An unusual retrospective for a new sense of ‘make-believe’.

From December 2017 to February 2018, Castlefield Gallery in Manchester invited Cumbrian folk artist Peter Hodgson to present an unusual interpretation of a retrospective. In celebration of his lifelong commitment to evolving and sharing his craft, “Making, A Life” centres around a fictional, household-like site as the framework for Peter’s diverse creative practice. A series of domestic assemblages clutter hand-crafted objects and illustrations, developed collaboratively with international artists and local designer-makers, including 2013 Turner Prize winner Laure Prouvost and Manchester-based designer Joe Hartley. “Making, A Life” brings the curiosities of the closet, materialising as an eclectic array of cross-media interactions that spotlights Peter’s four-decade contribution to the arts and its influence on his peers.

Loosely comprised of odes to various living spaces, the installations presented in “Making, A Life” manifest the artist’s desire to share his self-taught practice, which captures the values of folk art that lie at the heart of his work. As an artist who has refused formal painting lessons, instead continuing his own sophisticated impulses of creation, Peter presents a self-styled approach to making art that values steady-handed sustainability over mechanical or mass production. Lending inspiration from animal interactions and the natural world, Peter illustrates simple nuances of life as it appears before him in his Lake District home of Ambleside.

Painted, engraved and embroidered into the surface of each installed component, this character-focused imagery recurs as motifs on purpose-built, ready-to-use domestic objects, reiterating the tangibility of his craft and the multiple hands contributing to the formation of each piece. A simple wooden bed frame with a patchwork quilt, a fireplace frame decorated with hand-painted tiles, and a dressing table laid out with handmade mirrors and brushes imagine a fitting site for the objects made and sold in Peter’s Ambleside studio and shop. By implementing this format of display, “Making, A Life” summons a closing of the gap between work recognised as contemporary art and that which is problematically labelled as ‘outsider’ art: a viewer is encouraged to reassess their understanding of utilitarian and decorative arts through the shift in their position within a wider world of contemporary art.
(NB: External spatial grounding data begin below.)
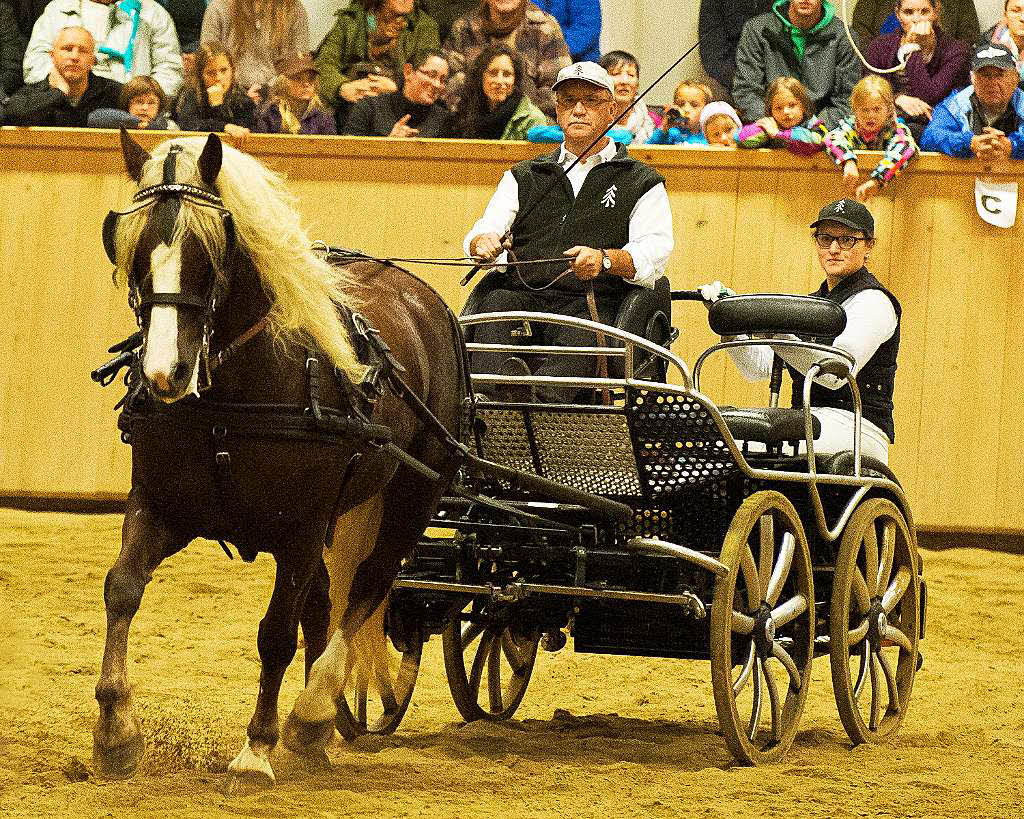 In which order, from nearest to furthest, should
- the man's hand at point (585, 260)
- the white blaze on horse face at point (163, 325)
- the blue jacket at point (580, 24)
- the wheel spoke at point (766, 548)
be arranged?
the white blaze on horse face at point (163, 325)
the wheel spoke at point (766, 548)
the man's hand at point (585, 260)
the blue jacket at point (580, 24)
If the typical use of labels in an exhibition claims (in part) objects as an artist’s intellectual property, their omission from “Making, A Life” establishes the open dialogue between the contributing artists, and across the traditional and contemporary modes of production on display. The definitions between who has made what becomes blurred, which raises the point as to whether it even matters in this exhibition: instead, the show celebrates Peter’s steadily evolved personal style by affirming its presence at the root of communal storytelling, as a natural cycle of sharing and responding.

Exhibited in Castlefield’s half-underground gallery, the functional objects and handcrafted furniture samples are naturally lit through large panel windows, which sit at the street level of a double volume space and allow passers-by a glimpse into the fictional world created by “Peter and friends.” Up close, the artists and designers demonstrate the possibilities of a simple but iconic vision and lots of helping hands, reiterating the significance of collective effort and granting a new meaning to the term ‘make-believe’.